Random spoken-word segments are one of my favorite production gimmicks. If I produced records I’d stick them in everywhere. (Some people do stick them in everywhere.) It’s especially good when it a randomly British spoken-word segment. Anyhow, I always though Simon & Garfunkel somehow managed to convey a sense of Britishness despite being not British whatsoever. Maybe because they’re so self-consciously erudite. They do belong to a long line of brainy New York intellectual types, alongside luminaries like Suzanne Vega and Laurie Anderson, though I don’t know anyone who can match the young Paul Simon in using hefty thesaurus words. Like ‘dubious’.  I’m not making fun at all though. I think it’s thoroughly charming, and maybe old fashioned in a fifties kind of way, to be a pop star who yet wants to utilize things he learned at university. Because nowadays it’s more in style to dumb down as hard as possible.

El Condor Pasa

Just like Simon & Garfunkel to pepper in some Peruvian folk music on their albums. As it happened, Paul Simon ended up in court because he erroneously thought El Condor Pasa, a melody for which he’d written new lyrics, was an actual Peruvian folk song, and as such, copyright free. When in fact, though inspired by folk traditions, it had been composed (and copyrighted) by Daniel Alomia Robles in 1913. That’s what you get for not doing your research, Simon. It wouldn’t be the last time Simon faced litigation for improper credit-giving and royalty-paying habits.
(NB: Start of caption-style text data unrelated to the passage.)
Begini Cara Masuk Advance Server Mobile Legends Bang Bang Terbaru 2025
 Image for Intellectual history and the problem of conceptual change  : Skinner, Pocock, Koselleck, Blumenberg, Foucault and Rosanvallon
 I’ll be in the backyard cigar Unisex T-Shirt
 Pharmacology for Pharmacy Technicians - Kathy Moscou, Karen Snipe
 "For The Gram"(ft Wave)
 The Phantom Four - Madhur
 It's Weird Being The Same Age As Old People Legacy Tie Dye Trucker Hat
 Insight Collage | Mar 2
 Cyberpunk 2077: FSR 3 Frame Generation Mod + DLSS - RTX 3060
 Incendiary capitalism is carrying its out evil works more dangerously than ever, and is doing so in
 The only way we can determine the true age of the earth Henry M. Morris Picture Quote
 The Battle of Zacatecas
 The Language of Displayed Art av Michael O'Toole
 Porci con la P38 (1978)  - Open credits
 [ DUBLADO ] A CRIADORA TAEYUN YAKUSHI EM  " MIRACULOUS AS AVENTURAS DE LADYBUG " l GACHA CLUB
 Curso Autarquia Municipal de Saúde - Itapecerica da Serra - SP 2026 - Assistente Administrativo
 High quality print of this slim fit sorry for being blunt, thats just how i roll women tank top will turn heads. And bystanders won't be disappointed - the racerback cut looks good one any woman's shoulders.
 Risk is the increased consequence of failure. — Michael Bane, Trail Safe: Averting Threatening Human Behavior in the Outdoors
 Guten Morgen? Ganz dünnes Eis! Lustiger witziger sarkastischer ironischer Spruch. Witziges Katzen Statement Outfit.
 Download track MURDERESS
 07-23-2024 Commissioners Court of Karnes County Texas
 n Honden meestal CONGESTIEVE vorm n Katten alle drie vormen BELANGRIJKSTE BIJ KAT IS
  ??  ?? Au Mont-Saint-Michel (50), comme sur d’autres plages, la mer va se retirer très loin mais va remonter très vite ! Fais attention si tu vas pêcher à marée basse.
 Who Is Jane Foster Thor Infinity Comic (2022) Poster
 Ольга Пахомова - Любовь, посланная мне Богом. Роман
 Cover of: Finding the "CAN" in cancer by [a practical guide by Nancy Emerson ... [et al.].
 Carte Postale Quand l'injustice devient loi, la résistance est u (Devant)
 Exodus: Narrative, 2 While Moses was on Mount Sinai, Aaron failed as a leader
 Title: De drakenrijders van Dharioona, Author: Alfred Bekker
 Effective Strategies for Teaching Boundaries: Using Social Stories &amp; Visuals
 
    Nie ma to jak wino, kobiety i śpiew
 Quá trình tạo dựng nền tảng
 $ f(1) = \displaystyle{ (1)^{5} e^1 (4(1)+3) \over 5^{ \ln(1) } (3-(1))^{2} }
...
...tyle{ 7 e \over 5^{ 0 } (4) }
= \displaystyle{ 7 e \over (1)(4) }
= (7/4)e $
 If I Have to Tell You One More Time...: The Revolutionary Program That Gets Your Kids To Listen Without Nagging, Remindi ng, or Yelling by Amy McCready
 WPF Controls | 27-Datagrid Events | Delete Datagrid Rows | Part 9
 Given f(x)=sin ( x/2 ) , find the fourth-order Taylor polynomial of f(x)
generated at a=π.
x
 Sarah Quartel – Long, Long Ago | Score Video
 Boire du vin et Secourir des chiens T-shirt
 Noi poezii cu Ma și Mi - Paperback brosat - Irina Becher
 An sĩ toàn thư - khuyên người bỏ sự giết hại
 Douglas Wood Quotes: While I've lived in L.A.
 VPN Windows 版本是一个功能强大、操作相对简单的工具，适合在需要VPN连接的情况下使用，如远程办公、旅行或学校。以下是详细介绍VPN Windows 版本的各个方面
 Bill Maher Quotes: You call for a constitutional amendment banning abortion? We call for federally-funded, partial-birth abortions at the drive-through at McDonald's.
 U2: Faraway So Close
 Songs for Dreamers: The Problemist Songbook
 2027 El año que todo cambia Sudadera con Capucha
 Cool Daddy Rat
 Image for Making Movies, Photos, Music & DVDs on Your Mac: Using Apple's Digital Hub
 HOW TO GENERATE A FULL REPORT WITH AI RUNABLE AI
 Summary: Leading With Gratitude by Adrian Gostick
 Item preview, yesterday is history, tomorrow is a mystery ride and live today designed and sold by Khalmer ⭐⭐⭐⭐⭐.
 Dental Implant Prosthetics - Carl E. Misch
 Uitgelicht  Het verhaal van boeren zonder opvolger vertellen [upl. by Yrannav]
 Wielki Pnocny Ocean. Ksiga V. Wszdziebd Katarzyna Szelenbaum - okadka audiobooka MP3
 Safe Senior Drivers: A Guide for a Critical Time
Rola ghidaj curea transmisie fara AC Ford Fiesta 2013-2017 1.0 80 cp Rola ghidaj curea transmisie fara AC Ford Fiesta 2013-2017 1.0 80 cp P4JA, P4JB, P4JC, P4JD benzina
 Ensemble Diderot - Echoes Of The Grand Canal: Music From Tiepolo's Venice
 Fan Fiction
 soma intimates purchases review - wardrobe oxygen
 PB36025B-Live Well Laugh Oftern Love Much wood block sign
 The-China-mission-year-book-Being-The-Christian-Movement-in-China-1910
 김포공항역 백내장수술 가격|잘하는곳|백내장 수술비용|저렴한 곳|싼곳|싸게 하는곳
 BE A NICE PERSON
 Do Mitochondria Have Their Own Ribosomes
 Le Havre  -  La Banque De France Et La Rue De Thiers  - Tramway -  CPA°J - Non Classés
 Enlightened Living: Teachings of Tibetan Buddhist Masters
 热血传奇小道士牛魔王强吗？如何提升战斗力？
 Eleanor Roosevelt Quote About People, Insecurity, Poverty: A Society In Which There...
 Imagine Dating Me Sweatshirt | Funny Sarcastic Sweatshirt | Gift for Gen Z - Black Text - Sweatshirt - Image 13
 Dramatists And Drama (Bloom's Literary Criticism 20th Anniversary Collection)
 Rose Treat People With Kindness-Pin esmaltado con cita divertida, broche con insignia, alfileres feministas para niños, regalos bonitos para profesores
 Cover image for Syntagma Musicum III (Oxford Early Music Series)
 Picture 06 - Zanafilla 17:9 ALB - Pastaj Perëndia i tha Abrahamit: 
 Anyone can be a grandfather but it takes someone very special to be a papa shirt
He’s still at loggerheads with Los Lobos for their disputed contributions to Graceland. In the Robles case the late composer’s son charitably admitted that it was all a big misunderstanding and not really Simon’s fault at all. Meanwhile, Garfunkel was merely an innocent bystander.

The Dangling Conversation

“Can analysis be worthwhile? Is the theatre really dead?”

Sometimes clever people feel the need to remind everyone how smart they are by ‘casually’ dropping great literary names. Which is fine. Who hasn’t succumbed to try on a tiny bit of snobbery? ‘Why of course, I do indeed read poetry for pleasure. Don’t you? Oh, you don’t? Oh…” we like to say, in our most condescending tone of voice. And we generally get away with it. But if you in the business of pop, be wary. You may succumb to the dreaded ‘Cemetry Gates Effect’ – instead of coming off all elite-like, you’ll just reveal that you’re really a bit of a loser at best and at worst a pompous twat. Writing and singing songs about yourself reading poetry, I think, is about as pretentious as pretentiousness goes. I’ll repeat myself – don’t sing about how great Emily Dickinson and Robert Frost were, even if you are the dreary type who actually reads such rubbish. What makes it so annoying is the logic that if you like to read poetry, and you’ve written a song about it, you must fancy yourself a bit of a poet, and ergo, you’re somehow striving to equate your own self with whatever poet it is you claim to be reading the works of. Which is even worse than the simple desire to make yourself look smart.